Per ascoltare invece di leggere:
“Non ricordavo di ricordare”. Mi è capitato giorni fa, grazie a una vecchia compagna di scuola ritrovata.
“Non ricordare di ricordare” è un po’ diverso da “avere dimenticato”. Se hai dimenticato, in genere ti accanisci a cercare di farti tornare la memoria e capita che all’improvviso ti si accenda una lampadina: allora di colpo ti torna in mente dove hai parcheggiato l’auto, dove hai nascosto un regalo perché il destinatario non lo trovasse prima del suo compleanno etc etc. Un vuoto di coscienza improvvisamente si riempie e tutto torna a posto. Tu avevi dimenticato, tu stesso pareggi il conto. Ti eri perso qualcosa (in latino “di-mentare”, uscire di mente) e ce lo rimetti dentro.
Ma se non ricordi di ricordare e il ricordo riemerge per conto suo, libero come un gatto, senza essere stato cercato, del tutto inaspettatamente, grazie a uno spunto offerto per caso da qualcuno o da qualcosa, allora le cose cambiano.
Giorni fa Cettilia, compagna di scuola del ginnasio-liceo Mamiani di Roma -complice una certa operazione nostalgia lanciata dalla stessa direzione del liceo, che in questi giorni ha compiuto un secolo di vita- ha condiviso le foto recuperate di tre nostri bidelli. Sì, ai nostri tempi si chiamavano così e c’era meno razzismo in questo termine affettuoso e familiare termine, di quanto non ve ne sia oggi nell’ipocrita, burocratica espressione “operatore scolastico”.
Dei tre, uno in particolare non ricordavo di ricordarlo. Non mi ero persa la memoria del suo nome o del suo viso, ero semplicemente ignara che per me fosse dileguato, nel senso che negli anni non ne avevo proprio sentita la mancanza, non mi ero accorta della sua “scomparsa”. E non perché fosse un personaggio sgradito o sgradevole, tutto al contrario.
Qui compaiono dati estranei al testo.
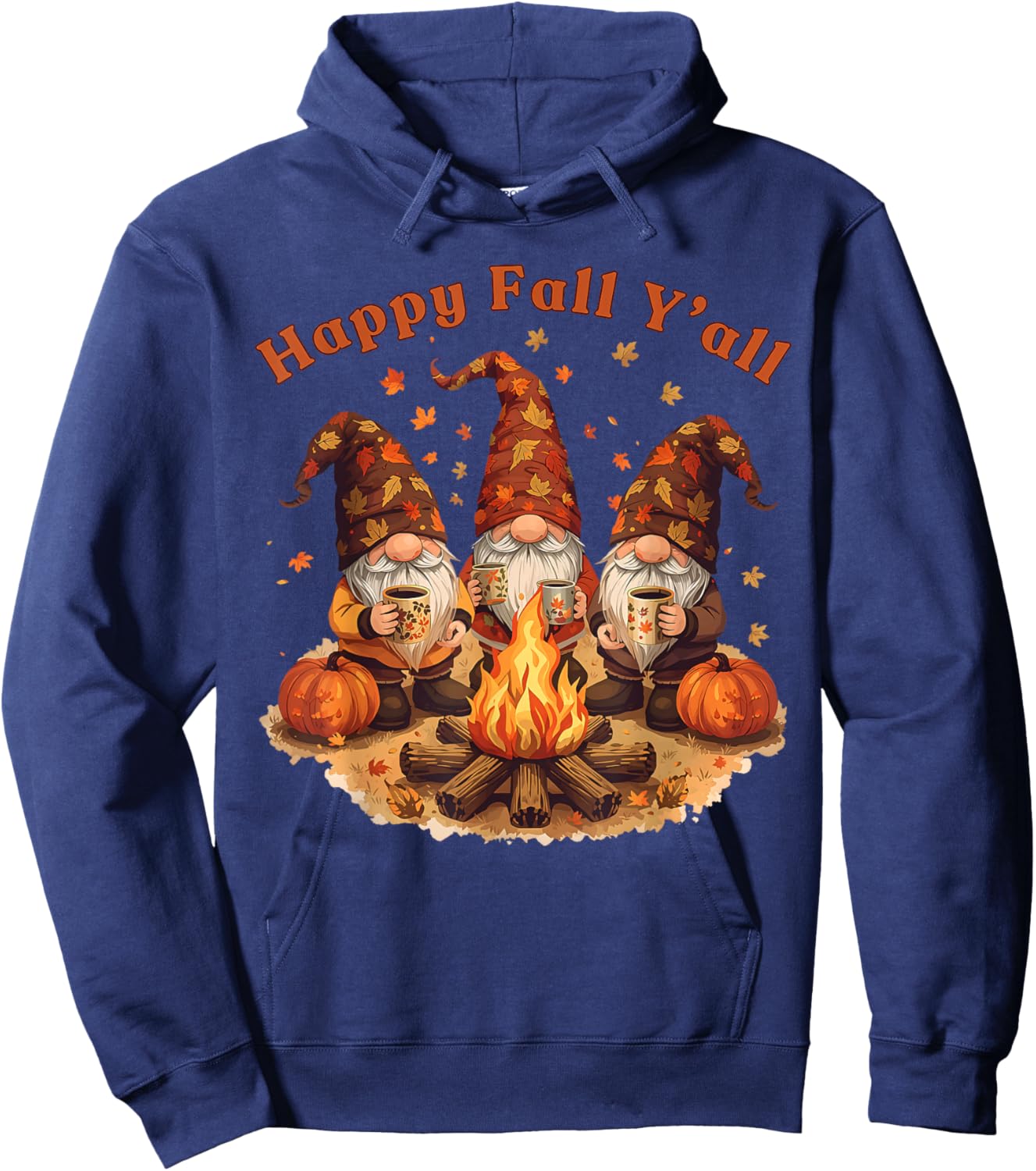 Happy Fall Y'all Gnome Pumpkin Autumn Thanksgiving Men Women Hoodie - Hoodie | Navy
Artemio (strani i nomi dei bidelli e dei portieri, sempre originali, unici, testimoni di pretenziose quanto devote genealogie di paese) si era del tutto cancellato dalla mia memoria. Probabilmente spazzato via da quella stessa ondata di sollievo con cui volli dimenticare il disagio dei cinque anni da sfigata trascorsi tra quei banchi. Artemio non era neppure un personaggio insignificante, al contrario: sempre sorridente, con una faccia molto interessante e cordiale e dei modi dinamici. E con un nome che a ragione si richiamava alla mitologia greca, visto che era bidello di un liceo classico: Artemio come Artemide, dea della caccia, delle foreste, degli animali selvatici e della luna…
Ritrovare quel volto senza averlo perso e dunque senza averlo neppure cercato, averlo ricevuto come un dono generoso del passato è stata una gratificazione e insieme una lezione fondamentale. Mi ha dato la conferma del fondaco inesauribile che ci portiamo appresso, della smisuratezza della nostra anima, chiamiamola per un istante così, della profondità con cui conviviamo, spesso inconsapevoli, fin da quando nasciamo.
Ritrovare Artemio mi ha dato cioè una percezione consolante di me stessa: oggi so di essere una specie di calza della Befana senza fondo, una borsa di Mary Poppins, una soffitta che arriva chissà dove, un buco nero però pieno di luce. Insomma sono infinita. Tutti lo siamo. In noi convivono tutti i tempi, tutti i momenti, tutti gli Artemi della nostra vita. E non importa se vivacchiamo svagati, drogandoci dell’insignificanza e della banalità di questo momento presente. Ognuno dei nostri attimi è denso di attimi di altre ere, è figlio di tutto quello che sembra lontanissimo da noi nel tempo, ma che alla prima occasione ci si conferma presente, restituendoci ogni dettaglio e ogni emozione.
Non ricordare di ricordare è la prova che non finiamo qui, in questo istante passeggero. Ma che possiamo avventurarci nel passato e forse anche nel futuro.